In classical Athens, too, men could divorce their wives simply by 'sending them away'. Women, on the other hand, had to register a divorce with the magistrate, which required, in practice if not law, the support of a father or brother. We know of only one classical Athenian woman who tried to divorce her husband. This was Hipparete, wife of Alcibiades. Insulted and humiliated by his bringing lovers and prostitutes into the house, she went to the magistrate to get a divorce. On the way, Alcibiades and his friends grabbed her and carried her home.
Last year, a campaign by women in Afghanistan, نامم_کجاست# (#WhereIsMyName), protested against the custom of not mentioning a woman's name in public. Many Afghan men use such circumlocutions as 'mother of my children' or 'X's wife' instead, and some women don’t say their own names. The same convention prevailed in classical Athens. We know the names of Cleiocrateia and Hipparete from sources other than the law courts; the names of most Athenian women are lost to history. When a boy was born, his name and his father’s were registered with his deme; girls’ births weren’t registered. Since 2001, Saudi Arabian women have been able to have their own identity cards; previously they were listed only on their guardians' cards. In modern Afghanistan, girls’ names, though registered at birth, are conspicuously absent from legal records thereafter.
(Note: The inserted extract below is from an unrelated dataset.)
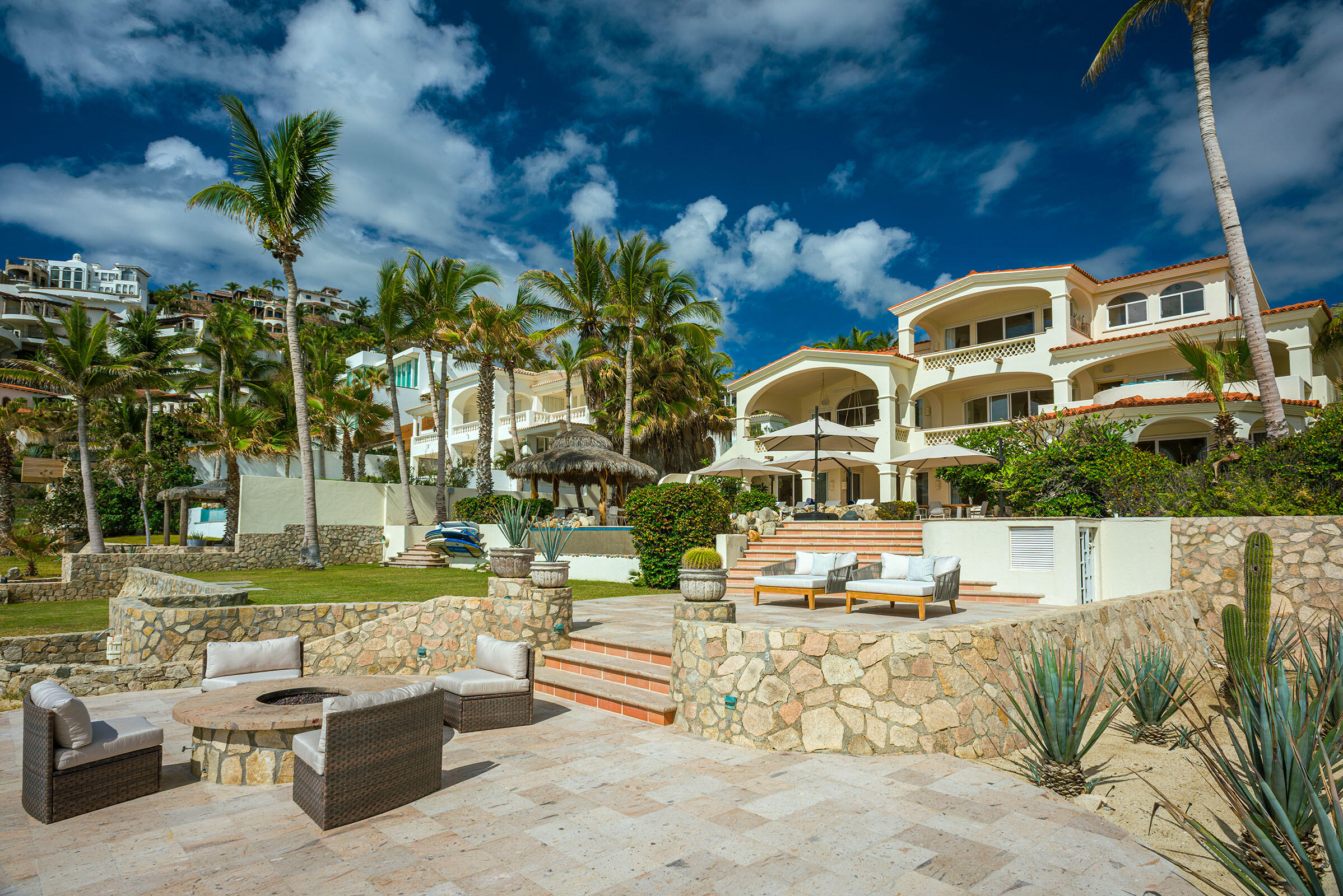 Casa Edwards Too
There are records of two Athenian inheritance cases in which one side flatly argued that a woman central to the case did not exist. Evidence was one man's word against another's: one side claimed the woman was known and respected in her community; the other that no one in the community knew of such a woman. There were also cases in which a woman's citizenship was challenged in court. The stakes were high: if a woman (legally represented by a man) could not prove her citizenship, she was classed as a metic (immigrant). All metics had to be registered and pay tax. If she wasn’t registered – and, believing herself a citizen, she would not have registered as an immigrant – she could be sold into slavery. There is an echo not in Saudi Arabia this time but in modern Britain: citizens who came to the UK during the Windrush era, unable to prove their citizenship years later, were designated 'illegal' immigrants and deported.